Exercise details: Go to the line below that contains "Queen Letizia looked". From there to the end of the records, reproduce each line exactly, except the pictures.

[The input Boundary: Start]

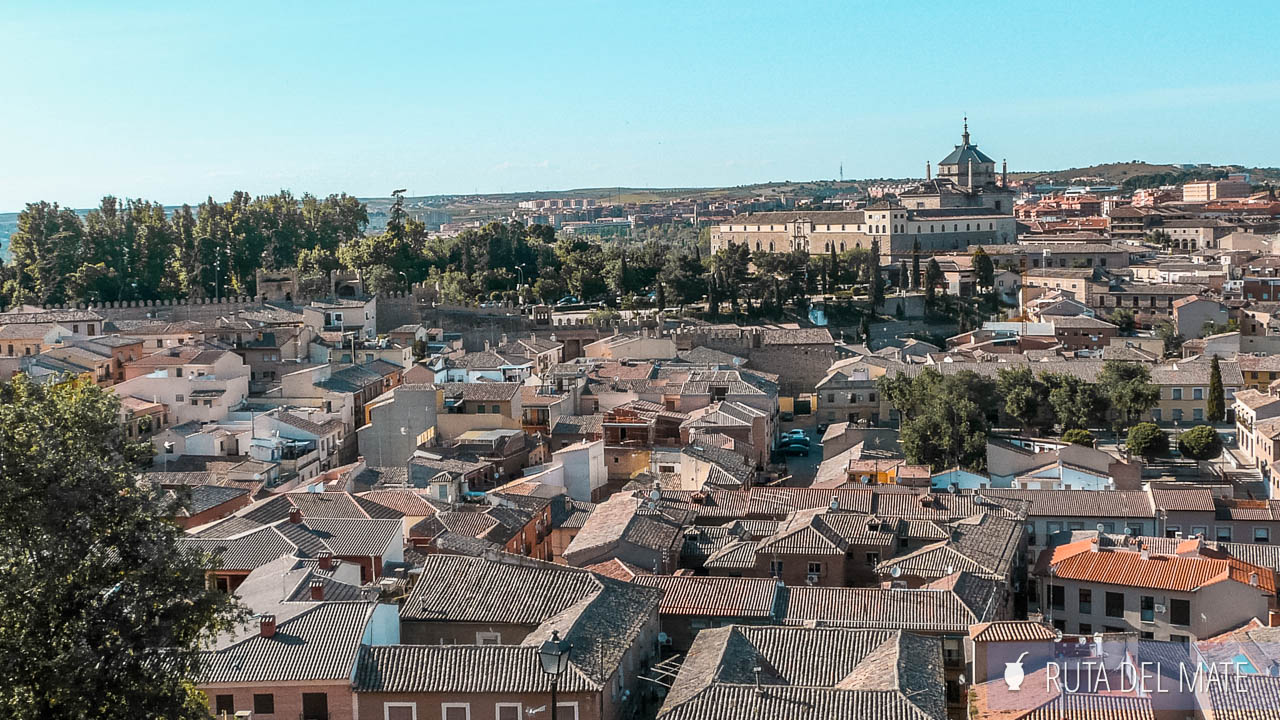 Que ver en Toledo, mirador con las vistas del Alcázar y la ciudad de Toledo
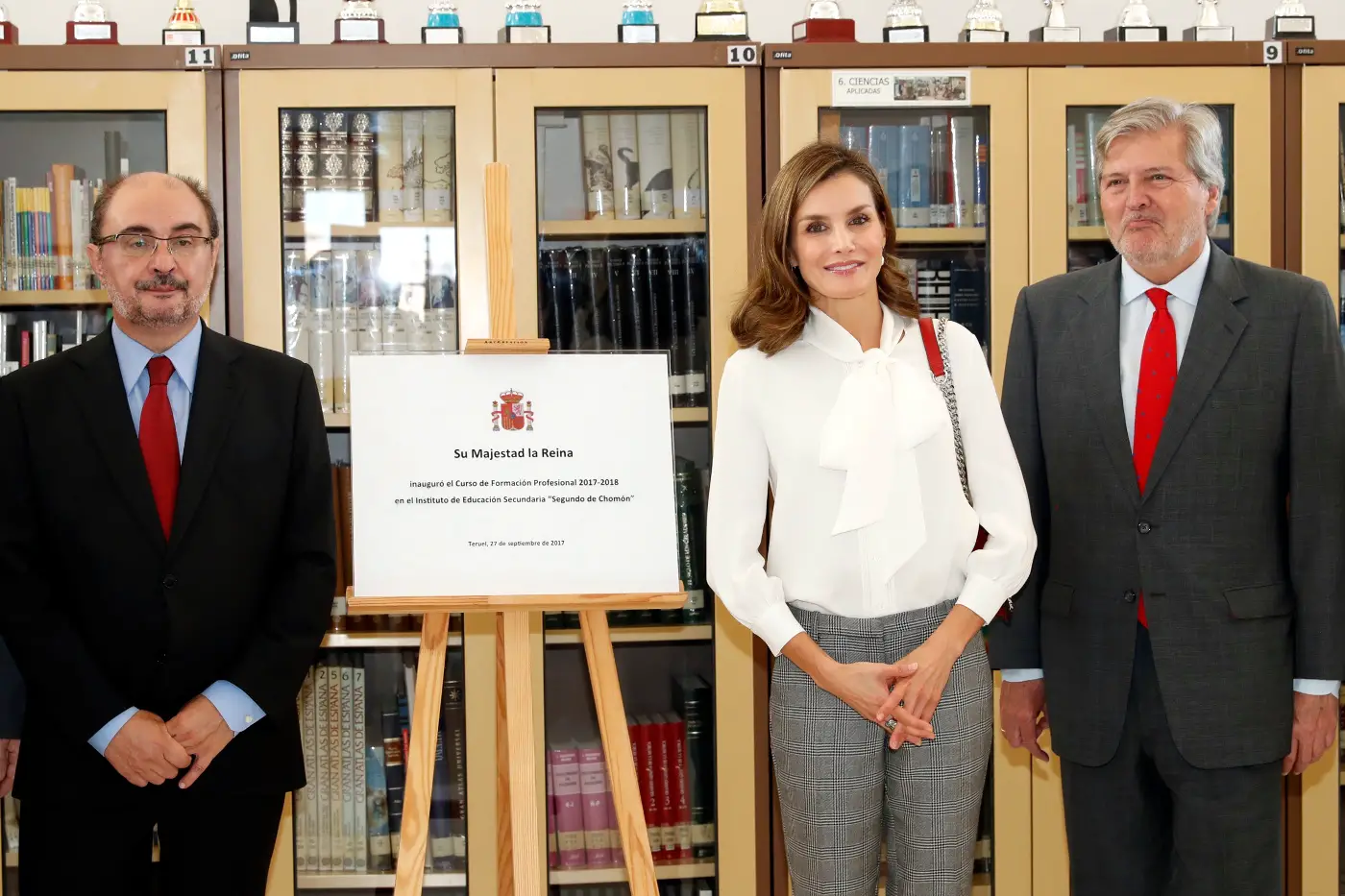 Queen Letizia looked professional chic at the opening of professional course 2017-18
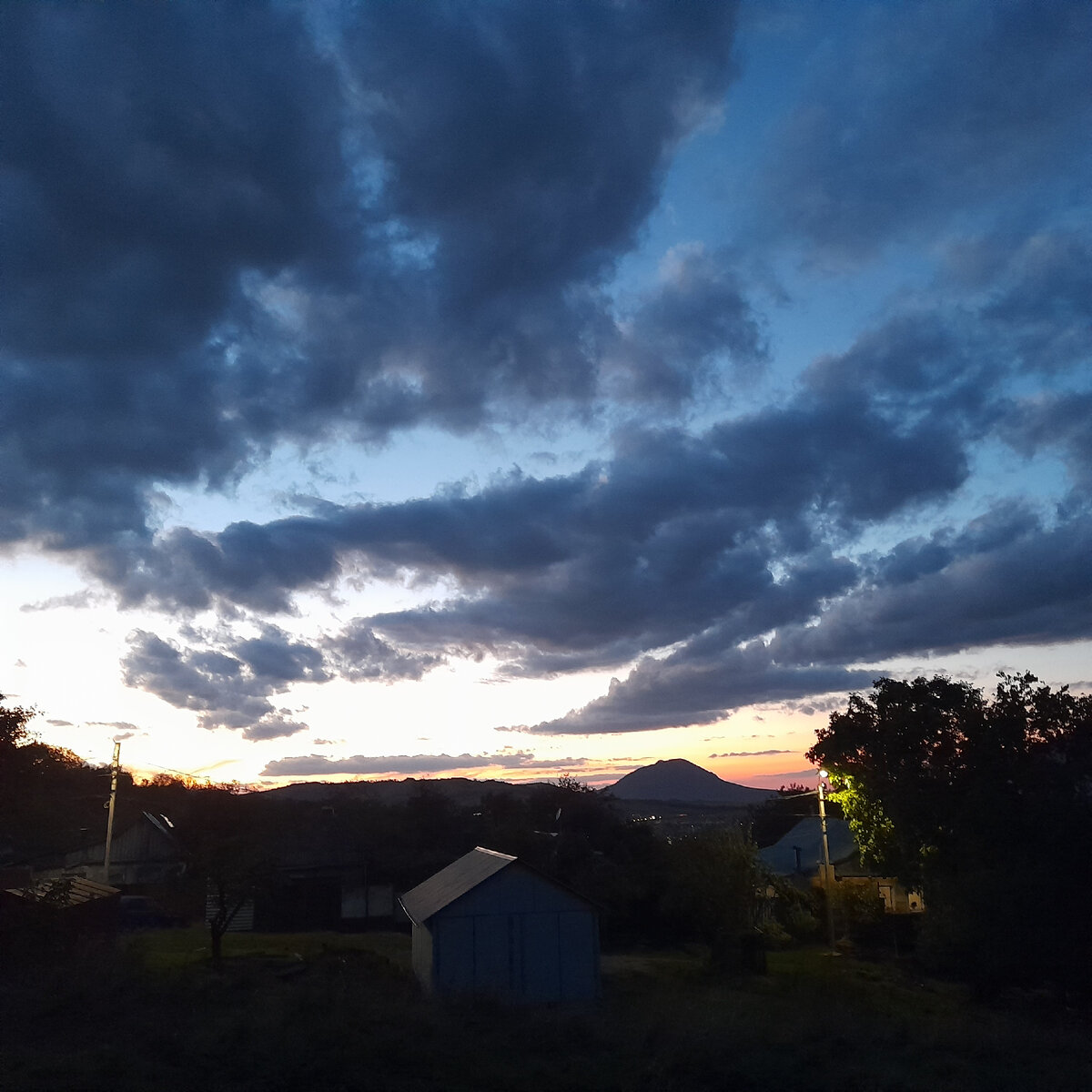 Небесные волны над горой Верблюд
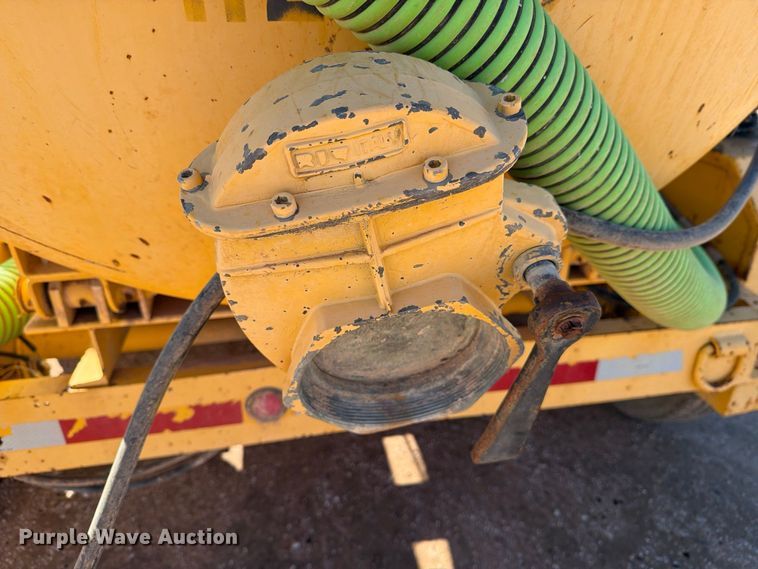 image for item DV8686 2000 Vermeer E550 vacuum excavator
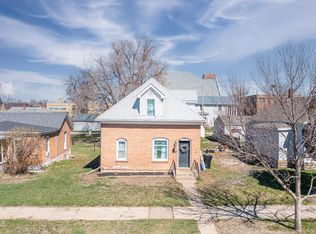 106 5th St W, Williston, ND 58801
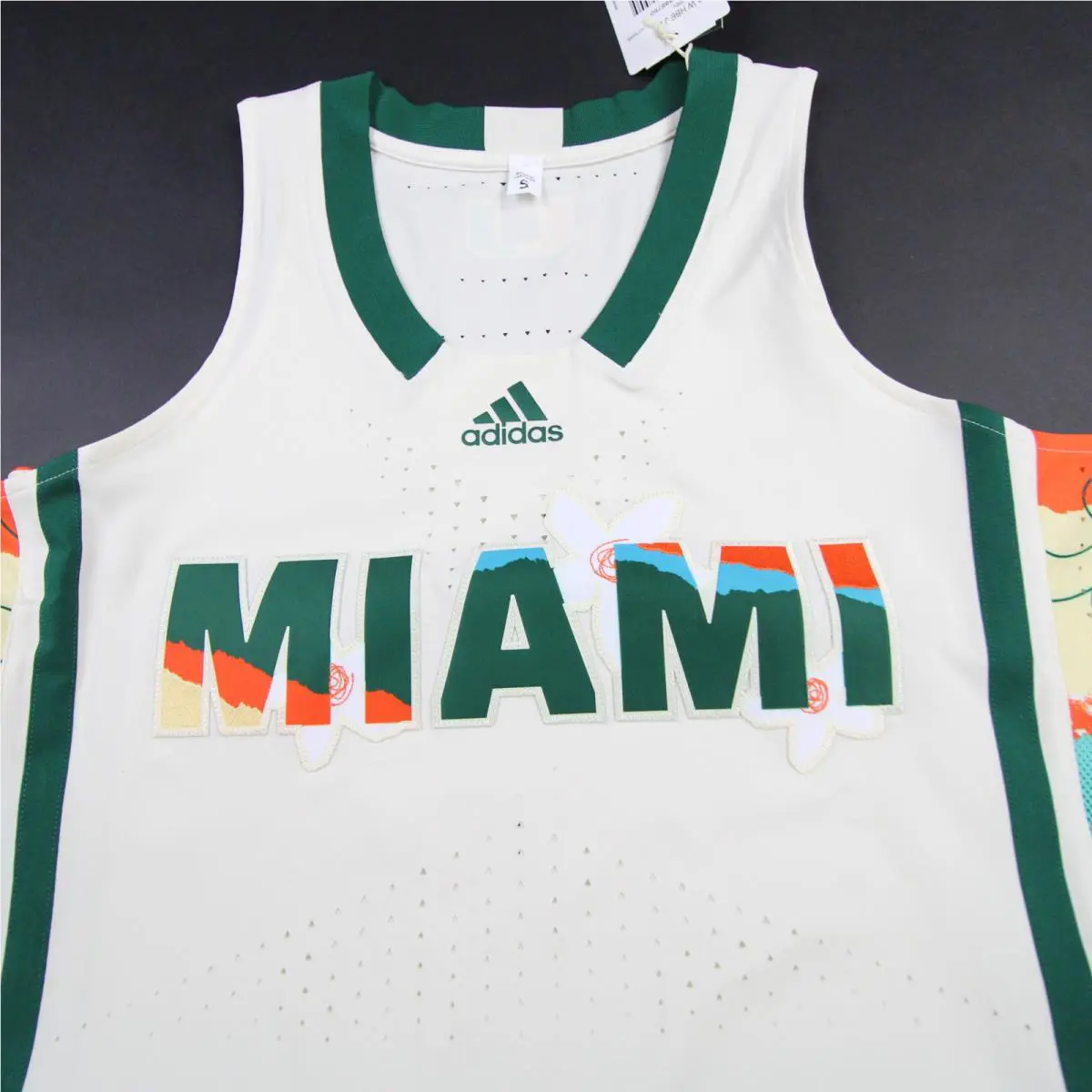 Adidas clothing - White (UPC: 0191028637375) 0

[The input Boundary: End]

Answer section:
 Queen Letizia looked professional chic at the opening of professional course 2017-18
 Небесные волны над горой Верблюд
 image for item DV8686 2000 Vermeer E550 vacuum excavator
 106 5th St W, Williston, ND 58801
 Adidas clothing - White (UPC: 0191028637375) 0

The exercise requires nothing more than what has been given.